Kasugayama Stone Buddhas (春日山石窟仏, Kasugayama sekkutsu butsu) is a group of Buddhist statues carved in bas-relief into a tuff cliff in the Takabatake neighborhood of the city of Nara, Nara Prefecture in the Kansai region, Japan. It is one of the stone Buddhas scattered along the Yagyū Kaidō, and ancient road connecting Heijō-kyō with the Yagyū valley and Iga Province. It was designated as a National Historic Sites of Japan in 1924. It is also known as the Hole Buddhas (穴仏)。

== Overview ==
The term magaibutsu (磨崖仏) refers to a Buddhist figure carved directly into a natural rock faces or cliffside. The Kasugayama Stone Buddhas are located in a national forest several hundred meters northeast of the Jigokudani Stone Buddhas, which has a separate National Historic Site designation. The site consists of two artificial caves, one east and one west, carved into a south-facing tuff rock wall. The Buddha statues carved into the inner walls. The eastern cave is centered on exoteric Buddhism, while the western cave is centered on esoteric Buddhism. The eastern cave has an opening of 4.7 meters, a depth of 3 meters, a back wall width of 4 meters, and a height of just over 2 meters. Four statues of Jizo Bosatsu are carved on the west wall, and three statues of Kannon Bosatsu are carved on the east wall. In the center of the cave is a 2 m stone pillar that is thought to have been built as a multi-tiered pagoda, and is caved with four Buddhas, one on each
side. These are presumably Yakushi Nyorai on the east, Shaka Nyorai on the south, Amida Nyōrai on the west, and Miroku Bosatsu on the north. The western cave has an opening of 4.7 meters and a depth of 2.3 meter. A statue of Tamonten, stepping on a demon and wearing a flame halo, is carved in the corner of the west wall. Next to it is a seated statue of Amida Nyorai, and next to it is a statue of Fukujyoju Nyorai and a statue of Dainichi Nyorai. The seated Buddha statues are presumed to represent the Five Vajrayana Buddhas, but two of the five have been lost.

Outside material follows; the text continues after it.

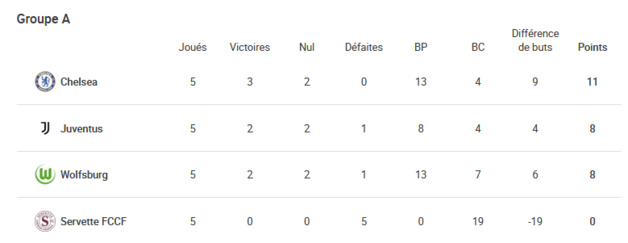 #UWCL - Phase de groupes : un final à suspense dans le groupe A #UWCL - Phase de groupes : un final à suspense dans le groupe A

The west cave is thought to be a work from the late Heian period (mid-12th century) because it has the inscriptions of 1155 and 1157. In 1924, a roof was erected to protect the statues from weathering, and preservation and maintenance were carried out. The surrounding Kasugayama Primeval Forest was registered as a World Heritage Site in 1998 as part of the Historic Monuments of Ancient Nara.

The site is approximately four kilometers by mountain trail southeast of Tōdai-ji, or 9.2 kilometers (24 minutes) by car.